At American Alarm, we care more about just your home and business security—we care about your personal safety too. To that end, here are some tips to make teaching your teenager to drive less nerve-wracking while ensuring that you help your child become a safe and careful driver.
1. Listen to Your Gut
If you just don’t feel comfortable letting your teen drive alone once the law permits it—or if you think that he needs more practice—then don’t let them drive alone. Continue practicing in a deserted parking lot when the weather is nice. Then as your teen becomes more proficient, you can move onto the roads at different times and in different weather conditions. Typically, new teenage drivers will feel safer if there is an adult in the car with them. The more practice your child has, the better driver they will become.
2. Be a Driving Role Model
You can’t just tell your teen to, “Do as I do.” It just doesn’t work. However, your teenage driver will probably imitate your—or another adult’s—behavior behind the wheel. Therefore, set a good example for your teen to follow. For example, be sure to obey all traffic laws–don’t speed, don’t be an aggressive driver, don’t accelerate to make it through a yellow light, and never use your smartphone to talk or text when you’re driving.

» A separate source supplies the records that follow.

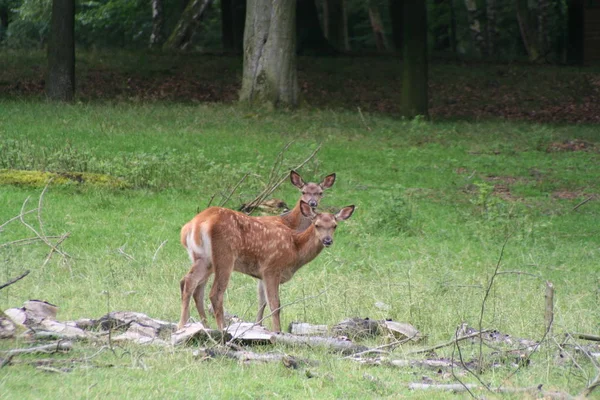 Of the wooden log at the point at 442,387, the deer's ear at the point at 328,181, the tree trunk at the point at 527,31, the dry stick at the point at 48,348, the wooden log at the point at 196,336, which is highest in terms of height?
the tree trunk at the point at 527,31

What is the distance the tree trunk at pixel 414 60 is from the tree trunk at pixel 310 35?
8.45 m

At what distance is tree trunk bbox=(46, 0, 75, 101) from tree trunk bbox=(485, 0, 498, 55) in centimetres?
1702

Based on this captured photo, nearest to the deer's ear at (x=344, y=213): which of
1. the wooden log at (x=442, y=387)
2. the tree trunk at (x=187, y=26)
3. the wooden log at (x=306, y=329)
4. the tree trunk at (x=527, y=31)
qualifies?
the wooden log at (x=306, y=329)

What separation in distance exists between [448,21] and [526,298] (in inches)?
1268

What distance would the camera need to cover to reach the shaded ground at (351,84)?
1035 inches

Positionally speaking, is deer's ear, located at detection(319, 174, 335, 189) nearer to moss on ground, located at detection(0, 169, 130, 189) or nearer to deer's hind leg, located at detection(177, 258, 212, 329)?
deer's hind leg, located at detection(177, 258, 212, 329)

3. Teach Your Teen to Anticipate Problems
When any driver is faced with a hazard on the road, knowing what to do is key. That’s why it’s especially important to teach your teen how to anticipate potential problems and what to do if they occur. When hazards happen, teens must understand how to make good decisions while still paying attention to driving. “Teach your teen to keep a margin of safety around the vehicle, look for a way out and develop a plan of action to avoid crashes,” according to the Teen Safe Driving website of the Brain Injury Alliance of New Jersey.
4. Staying Calm is Key
If your teen makes a mistake, don’t raise your voice, speak harshly, or criticize. It’s important to stay calm and have your teen repeat the action—e.g., parallel parking—until he does it right. Point out to your teen that mistakes are a normal part of the learning process. You should also not freak out if he’s in an accident. Reassure him that what’s important is his safety and the safety of other people.
Following these tips will help set your teen on the road to become a safe and responsible driver and allow you to get a good night’s sleep.